Più si va avanti e meno sembrano essere i segnali positivi per il serbo, che in apertura di terzo set alcuni punti li molla proprio, su altri non arriva e subisce da fondo la prepotenza del dritto dell’ungherese, che ancora una volta piazza il break, allunga 3-1 e può fare gara di testa. Se è da segnalare certamente il calo fisico di Nole, è anche importante evidenziare quanto ovviamente sia salito l’altro, forte della consapevolezza di poterla portare a casa. I game di questa frazione sono i più lunghi dell’intero incontro, gli scambi mediamente lunghi…insomma, in condizioni normali si giocherebbe in casa di Djokovic, ma oggi è Fucsovics a spuntarla la maggior parte delle volte, avvicinandosi alla palla del doppio break. Non la sfrutta, e ci sta, poi gioca frettolosamente e in maniera sconclusionata, commettendo qualche gratuito di troppo e facendosi strappare la battuta, e questo non ci sta. Perché Djokovic, seppur non esprimendosi al top, sente l’odore del sangue in qualsiasi circostanza e se tentenni ti punisce; torna a fare muro, reggendo da fondo come all’inizio, macina km con solidità, non esponendosi troppo, anzi, lasciando spesso e volentieri il fulcro in mano all’ungherese, che però dimostra tutti i suoi limiti e, da 4-2 sopra, subisce un tracollo di quattro giochi di fila, che gli costano il set. Ruggisce, e tira un grosso sospiro di sollievo, Nole…si divora le mani Marton.

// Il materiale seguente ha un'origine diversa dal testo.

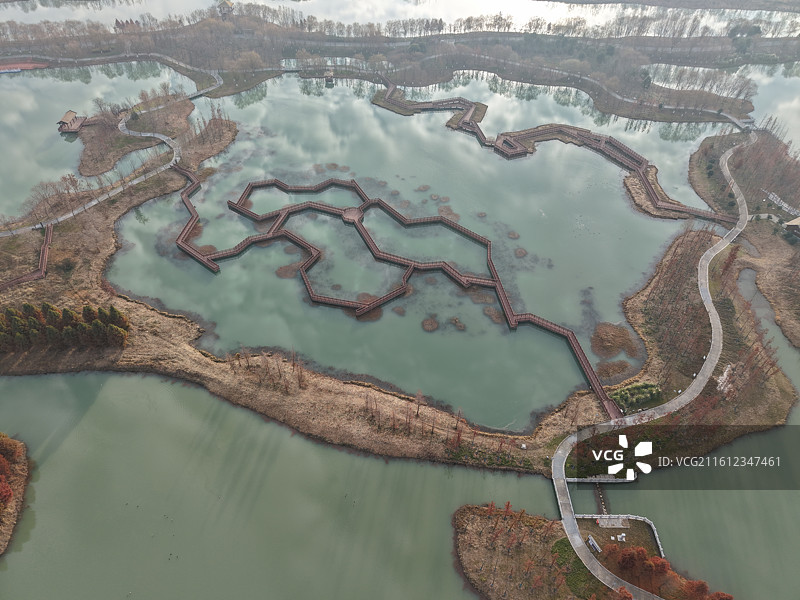 扬州北湖国家湿地公园的冬天图片素材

Il quarto ed ultimo set mette in luce tutta la differenza tra fuoriclasse e restanti tennisti: i primi vanno avanti, nonostante le giornate no, i secondi quando mancano una possibilità ci si fossilizzano e si bloccano mentalmente. Il 31enne di Belgrado raccoglie i resti dell’avversario, facendo lo stretto necessario piazza un 6-0, frutto di intelligenza, potenza e solidità. Come una diga. Come il Djokovic di quei tempi d’oro che stanno tornando per restare ancora a lungo.
[4] A. Zverev b. [LL] P. Polansky 6-2 6-1 6-2 (Cristina Pozzoli)
L’apertura del dritto, che spesso gli ha creato problemi sulle superfici veloci, ora è notevolmente ridotta e questo gli permette di non perdere campo nello scambio e di giocare con i piedi vicino alla riga di fondo. Al servizio è una macchina da guerra che lancia bombe a destra e a sinistra e il risultato è un massacro per Polansky che viene preso a pallate dall’inizio alla fine. Al prossimo turno per il tedesco c’è un altro lucky loser, il francese Nicolas Mahut che ha superato in quattro set il connazionale Corentin Moutet, in tabellone con una wild card.